▽

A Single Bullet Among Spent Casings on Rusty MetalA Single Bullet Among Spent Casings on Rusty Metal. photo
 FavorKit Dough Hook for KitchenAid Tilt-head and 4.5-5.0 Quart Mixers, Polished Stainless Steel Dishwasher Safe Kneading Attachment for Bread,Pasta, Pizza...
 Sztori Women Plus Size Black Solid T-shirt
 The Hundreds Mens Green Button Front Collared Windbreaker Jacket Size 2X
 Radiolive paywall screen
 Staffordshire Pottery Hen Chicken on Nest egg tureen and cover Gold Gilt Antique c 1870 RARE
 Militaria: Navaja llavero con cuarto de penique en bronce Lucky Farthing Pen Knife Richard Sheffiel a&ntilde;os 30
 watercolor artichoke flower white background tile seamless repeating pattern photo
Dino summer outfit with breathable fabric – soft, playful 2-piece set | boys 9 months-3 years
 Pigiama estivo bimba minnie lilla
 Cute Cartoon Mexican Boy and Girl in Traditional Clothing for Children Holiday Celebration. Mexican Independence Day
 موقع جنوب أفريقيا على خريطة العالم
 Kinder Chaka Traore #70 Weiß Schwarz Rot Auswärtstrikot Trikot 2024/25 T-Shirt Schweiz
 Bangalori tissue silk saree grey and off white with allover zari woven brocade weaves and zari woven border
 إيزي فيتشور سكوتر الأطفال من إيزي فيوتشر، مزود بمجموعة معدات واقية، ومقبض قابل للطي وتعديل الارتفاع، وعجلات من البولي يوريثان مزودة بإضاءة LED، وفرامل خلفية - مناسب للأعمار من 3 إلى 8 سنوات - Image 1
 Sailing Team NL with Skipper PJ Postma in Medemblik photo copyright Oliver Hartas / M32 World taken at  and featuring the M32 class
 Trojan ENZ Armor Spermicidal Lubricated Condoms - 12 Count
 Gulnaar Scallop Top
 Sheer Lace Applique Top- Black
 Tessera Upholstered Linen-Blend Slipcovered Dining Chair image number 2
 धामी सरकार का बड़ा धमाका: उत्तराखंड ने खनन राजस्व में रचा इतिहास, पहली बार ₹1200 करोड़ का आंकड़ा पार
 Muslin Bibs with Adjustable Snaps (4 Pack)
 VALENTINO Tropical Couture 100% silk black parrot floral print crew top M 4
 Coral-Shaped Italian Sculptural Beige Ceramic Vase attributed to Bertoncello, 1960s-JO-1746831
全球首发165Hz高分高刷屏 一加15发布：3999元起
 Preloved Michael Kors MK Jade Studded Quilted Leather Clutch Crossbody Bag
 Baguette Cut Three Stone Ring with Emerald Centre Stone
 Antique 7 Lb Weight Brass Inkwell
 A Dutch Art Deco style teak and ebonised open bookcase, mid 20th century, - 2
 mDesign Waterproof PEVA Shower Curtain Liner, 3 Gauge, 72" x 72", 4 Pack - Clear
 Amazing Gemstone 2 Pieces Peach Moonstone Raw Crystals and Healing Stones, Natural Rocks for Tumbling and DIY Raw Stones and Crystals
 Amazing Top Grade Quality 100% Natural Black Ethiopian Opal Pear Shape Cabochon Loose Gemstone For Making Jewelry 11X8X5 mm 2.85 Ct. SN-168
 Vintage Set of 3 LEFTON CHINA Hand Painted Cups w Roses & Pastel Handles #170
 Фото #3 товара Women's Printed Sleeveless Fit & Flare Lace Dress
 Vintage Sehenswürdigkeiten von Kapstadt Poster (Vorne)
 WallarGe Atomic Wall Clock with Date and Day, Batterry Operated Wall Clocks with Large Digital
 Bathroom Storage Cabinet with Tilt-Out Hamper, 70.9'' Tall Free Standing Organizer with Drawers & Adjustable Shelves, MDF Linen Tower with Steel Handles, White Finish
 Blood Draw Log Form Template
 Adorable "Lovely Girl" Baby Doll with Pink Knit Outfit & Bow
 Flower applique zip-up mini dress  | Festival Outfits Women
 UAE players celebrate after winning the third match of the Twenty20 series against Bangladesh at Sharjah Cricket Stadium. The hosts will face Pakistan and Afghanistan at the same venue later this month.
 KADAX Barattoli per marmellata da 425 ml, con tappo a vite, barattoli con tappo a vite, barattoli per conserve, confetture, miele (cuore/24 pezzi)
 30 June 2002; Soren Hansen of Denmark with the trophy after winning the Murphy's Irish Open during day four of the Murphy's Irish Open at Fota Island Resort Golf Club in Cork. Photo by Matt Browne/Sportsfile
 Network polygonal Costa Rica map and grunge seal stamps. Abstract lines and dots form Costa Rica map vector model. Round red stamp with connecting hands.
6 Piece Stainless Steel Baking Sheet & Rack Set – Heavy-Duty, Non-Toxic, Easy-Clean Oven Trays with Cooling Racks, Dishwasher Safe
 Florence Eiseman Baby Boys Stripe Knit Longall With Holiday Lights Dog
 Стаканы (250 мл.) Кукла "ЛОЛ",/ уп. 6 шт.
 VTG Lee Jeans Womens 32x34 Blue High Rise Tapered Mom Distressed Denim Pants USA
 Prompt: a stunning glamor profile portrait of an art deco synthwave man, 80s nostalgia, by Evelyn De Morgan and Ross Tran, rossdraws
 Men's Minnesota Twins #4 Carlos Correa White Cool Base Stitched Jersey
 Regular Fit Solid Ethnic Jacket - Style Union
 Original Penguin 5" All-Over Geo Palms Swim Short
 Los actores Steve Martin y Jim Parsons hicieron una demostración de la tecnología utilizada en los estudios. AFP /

△

_Work task:_ Wherever "Lace" occurs in the records above, copy the line it sits in.

_Exercise solution:_
 Sheer Lace Applique Top- Black
 Фото #3 товара Women's Printed Sleeveless Fit & Flare Lace Dress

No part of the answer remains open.